5. D’une part, Mme A n’allègue pas avoir exposé de frais autres que ceux pris en charge par l’Etat au titre de l’aide juridictionnelle totale qui lui a été allouée. D’autre part, l’avocate de Mme A n’a pas demandé que lui soit versée par l’Etat la somme correspondant aux frais exposés qu’elle aurait réclamée à sa cliente si cette dernière n’avait bénéficié d’une aide juridictionnelle totale.
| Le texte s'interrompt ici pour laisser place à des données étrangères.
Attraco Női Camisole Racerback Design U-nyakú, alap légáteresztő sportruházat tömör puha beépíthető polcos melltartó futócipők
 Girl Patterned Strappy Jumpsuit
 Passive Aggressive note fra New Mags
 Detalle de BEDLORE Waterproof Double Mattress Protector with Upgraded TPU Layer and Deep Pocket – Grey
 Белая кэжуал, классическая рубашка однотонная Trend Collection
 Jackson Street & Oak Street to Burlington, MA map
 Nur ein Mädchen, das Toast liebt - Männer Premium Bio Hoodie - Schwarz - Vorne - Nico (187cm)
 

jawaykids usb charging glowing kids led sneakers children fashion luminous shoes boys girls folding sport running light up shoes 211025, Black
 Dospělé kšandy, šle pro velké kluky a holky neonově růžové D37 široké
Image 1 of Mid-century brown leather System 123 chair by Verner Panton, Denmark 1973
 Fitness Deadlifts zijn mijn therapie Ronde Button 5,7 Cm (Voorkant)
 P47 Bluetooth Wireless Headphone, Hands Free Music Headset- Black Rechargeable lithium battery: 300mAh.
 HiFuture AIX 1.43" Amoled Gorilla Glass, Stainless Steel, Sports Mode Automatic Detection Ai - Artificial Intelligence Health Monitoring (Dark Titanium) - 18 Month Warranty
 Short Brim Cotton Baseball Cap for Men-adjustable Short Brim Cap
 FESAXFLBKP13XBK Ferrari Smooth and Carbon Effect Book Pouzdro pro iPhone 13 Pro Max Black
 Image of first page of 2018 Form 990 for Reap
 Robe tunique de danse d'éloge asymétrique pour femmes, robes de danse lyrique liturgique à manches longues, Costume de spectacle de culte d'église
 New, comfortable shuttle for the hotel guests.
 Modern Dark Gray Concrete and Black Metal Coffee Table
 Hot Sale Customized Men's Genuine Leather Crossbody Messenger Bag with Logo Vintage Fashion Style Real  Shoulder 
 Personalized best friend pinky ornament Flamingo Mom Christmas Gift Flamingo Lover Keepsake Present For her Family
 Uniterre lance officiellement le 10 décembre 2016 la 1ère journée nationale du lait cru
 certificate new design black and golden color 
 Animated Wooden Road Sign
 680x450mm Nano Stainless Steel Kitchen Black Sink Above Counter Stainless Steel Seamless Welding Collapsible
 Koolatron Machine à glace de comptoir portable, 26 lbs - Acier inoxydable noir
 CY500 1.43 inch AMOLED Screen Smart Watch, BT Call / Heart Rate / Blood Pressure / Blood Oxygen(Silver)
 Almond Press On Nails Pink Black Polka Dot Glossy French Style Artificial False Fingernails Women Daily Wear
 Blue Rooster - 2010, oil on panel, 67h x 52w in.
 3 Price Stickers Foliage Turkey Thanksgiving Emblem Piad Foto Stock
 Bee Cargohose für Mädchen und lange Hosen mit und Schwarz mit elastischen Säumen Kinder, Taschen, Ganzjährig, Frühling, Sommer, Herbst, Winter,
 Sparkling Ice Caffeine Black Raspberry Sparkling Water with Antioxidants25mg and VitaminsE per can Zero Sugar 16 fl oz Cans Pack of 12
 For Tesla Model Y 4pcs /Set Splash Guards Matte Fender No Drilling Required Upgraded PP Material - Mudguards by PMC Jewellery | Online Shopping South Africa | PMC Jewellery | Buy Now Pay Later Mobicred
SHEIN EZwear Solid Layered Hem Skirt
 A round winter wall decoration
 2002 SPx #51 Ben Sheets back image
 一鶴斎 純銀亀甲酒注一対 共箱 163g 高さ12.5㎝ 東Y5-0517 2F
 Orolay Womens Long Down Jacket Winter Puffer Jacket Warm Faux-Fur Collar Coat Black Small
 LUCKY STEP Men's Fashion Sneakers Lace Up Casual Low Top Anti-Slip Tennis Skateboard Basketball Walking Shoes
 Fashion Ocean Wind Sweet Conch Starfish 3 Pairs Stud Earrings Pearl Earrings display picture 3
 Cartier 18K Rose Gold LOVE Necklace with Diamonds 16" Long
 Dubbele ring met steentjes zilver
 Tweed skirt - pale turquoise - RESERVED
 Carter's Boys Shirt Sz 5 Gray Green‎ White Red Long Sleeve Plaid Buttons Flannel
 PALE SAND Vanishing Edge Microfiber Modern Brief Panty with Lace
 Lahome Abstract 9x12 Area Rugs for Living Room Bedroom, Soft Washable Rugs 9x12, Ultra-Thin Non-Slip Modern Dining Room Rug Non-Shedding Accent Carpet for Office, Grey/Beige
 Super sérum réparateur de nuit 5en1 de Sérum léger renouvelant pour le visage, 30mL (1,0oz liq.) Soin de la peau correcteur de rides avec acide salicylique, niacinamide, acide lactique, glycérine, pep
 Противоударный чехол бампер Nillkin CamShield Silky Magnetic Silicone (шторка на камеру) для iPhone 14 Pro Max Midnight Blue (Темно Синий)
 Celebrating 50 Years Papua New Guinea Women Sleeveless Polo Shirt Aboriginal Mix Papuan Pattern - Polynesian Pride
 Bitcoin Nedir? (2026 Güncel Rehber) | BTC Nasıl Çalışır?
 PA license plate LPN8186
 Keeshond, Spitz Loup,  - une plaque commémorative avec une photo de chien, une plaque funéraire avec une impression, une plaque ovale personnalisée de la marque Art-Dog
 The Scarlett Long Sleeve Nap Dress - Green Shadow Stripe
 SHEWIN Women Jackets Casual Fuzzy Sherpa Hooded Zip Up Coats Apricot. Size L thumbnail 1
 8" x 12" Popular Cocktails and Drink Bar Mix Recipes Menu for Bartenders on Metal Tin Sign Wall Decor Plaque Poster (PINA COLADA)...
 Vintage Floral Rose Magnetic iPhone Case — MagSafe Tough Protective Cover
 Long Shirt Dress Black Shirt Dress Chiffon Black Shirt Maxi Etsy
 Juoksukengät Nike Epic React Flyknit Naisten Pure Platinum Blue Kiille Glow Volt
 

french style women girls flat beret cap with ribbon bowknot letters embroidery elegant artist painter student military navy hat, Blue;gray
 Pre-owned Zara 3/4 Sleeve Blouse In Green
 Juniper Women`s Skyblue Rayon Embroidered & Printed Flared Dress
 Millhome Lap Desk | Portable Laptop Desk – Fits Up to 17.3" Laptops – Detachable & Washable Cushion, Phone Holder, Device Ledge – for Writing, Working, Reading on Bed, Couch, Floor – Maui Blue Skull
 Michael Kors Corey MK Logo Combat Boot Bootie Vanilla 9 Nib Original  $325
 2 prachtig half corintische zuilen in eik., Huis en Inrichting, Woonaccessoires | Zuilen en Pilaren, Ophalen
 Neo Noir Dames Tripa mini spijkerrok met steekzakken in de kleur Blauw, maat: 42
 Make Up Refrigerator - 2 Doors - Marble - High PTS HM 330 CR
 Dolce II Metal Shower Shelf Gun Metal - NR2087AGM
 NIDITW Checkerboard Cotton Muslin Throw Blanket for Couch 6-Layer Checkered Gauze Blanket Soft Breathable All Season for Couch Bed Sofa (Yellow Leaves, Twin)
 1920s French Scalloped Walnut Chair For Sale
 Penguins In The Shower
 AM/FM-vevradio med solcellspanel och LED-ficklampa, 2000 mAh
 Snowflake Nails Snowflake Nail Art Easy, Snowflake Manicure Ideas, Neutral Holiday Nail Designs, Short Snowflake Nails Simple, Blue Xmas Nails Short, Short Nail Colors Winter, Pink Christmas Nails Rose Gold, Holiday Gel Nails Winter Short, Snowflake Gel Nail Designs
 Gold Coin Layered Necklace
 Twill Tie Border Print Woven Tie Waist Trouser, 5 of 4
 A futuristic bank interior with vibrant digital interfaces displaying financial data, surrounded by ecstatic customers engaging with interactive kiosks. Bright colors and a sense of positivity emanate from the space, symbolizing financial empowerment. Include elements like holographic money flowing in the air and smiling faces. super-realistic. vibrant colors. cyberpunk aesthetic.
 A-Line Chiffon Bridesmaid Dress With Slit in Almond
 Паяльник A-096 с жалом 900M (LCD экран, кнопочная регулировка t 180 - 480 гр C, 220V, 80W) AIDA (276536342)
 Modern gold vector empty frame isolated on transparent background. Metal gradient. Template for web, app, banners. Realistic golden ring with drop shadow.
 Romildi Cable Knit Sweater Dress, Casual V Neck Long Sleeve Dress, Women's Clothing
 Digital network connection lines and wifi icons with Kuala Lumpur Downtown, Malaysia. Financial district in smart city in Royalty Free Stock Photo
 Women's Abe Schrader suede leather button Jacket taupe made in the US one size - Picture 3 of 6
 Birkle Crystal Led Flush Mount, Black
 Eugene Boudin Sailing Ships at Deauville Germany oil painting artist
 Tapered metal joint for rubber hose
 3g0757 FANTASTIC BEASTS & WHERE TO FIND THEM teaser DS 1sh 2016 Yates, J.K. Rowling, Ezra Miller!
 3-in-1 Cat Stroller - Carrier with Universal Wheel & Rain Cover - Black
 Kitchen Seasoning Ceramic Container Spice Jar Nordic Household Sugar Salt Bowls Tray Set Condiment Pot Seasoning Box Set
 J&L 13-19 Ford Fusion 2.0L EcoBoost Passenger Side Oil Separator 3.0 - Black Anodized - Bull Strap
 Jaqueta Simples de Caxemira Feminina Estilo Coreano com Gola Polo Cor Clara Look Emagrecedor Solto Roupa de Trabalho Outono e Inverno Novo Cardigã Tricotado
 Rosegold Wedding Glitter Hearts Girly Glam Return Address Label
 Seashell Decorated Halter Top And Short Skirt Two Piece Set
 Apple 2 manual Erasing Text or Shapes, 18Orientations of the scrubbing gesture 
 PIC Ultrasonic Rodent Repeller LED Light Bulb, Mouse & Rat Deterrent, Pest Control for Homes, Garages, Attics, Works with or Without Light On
Dans ces conditions, les conclusions de la requête tendant au bénéfice des dispositions de l’article L. 761-1 du code de justice administrative doivent être rejetées.

D E C I D E :

Article 1er:L’arrêté du 4 octobre 2022 par lequel le préfet de la Seine-Maritime a rejeté la demande de titre de séjour de Mme A, lui a fait obligation de quitter le territoire français sous trente jours et a fixé le pays de renvoi est annulé dans toutes ses dispositions.

Article 2:Il est enjoint au préfet de la Seine-Maritime, ou au préfet compétent au regard du lieu de résidence actuel de la requérante, de délivrer à Mme A un titre de séjour l’autorisant à travailler dans un délai de trois mois à compter de la notification du présent jugement.

Article 3:Les conclusions de la requête sont rejetées pour le surplus.

Article 4:Le présent jugement sera notifié à Mme B A, à Me Shahabuddin, et au préfet de la Seine-Maritime.

En application de l’article R. 751-10 du code de justice administrative, copie en sera adressée au procureur de la République près le tribunal judiciaire de Dieppe.

Délibéré après l’audience du 9 mars 2023, à laquelle siégeaient :

Mme Gaillard, présidente,

MM. Leduc et Mulot, premiers conseillers,

Assistés de M. Tostivint, greffier.

Rendu public par mise à disposition au greffe le 30 mars 2023.

Le rapporteur,

Robin Mulot

La présidente,

Anne Gaillard

Le greffier,

Henry Tostivint

La République mande et ordonne au préfet de la région Normandie, préfet de la Seine-Maritime en ce qui le concerne et à tous commissaires de justice à ce requis en ce qui concerne les voies de droit commun contre les parties privées, de pourvoir à l’exécution de la présente décision.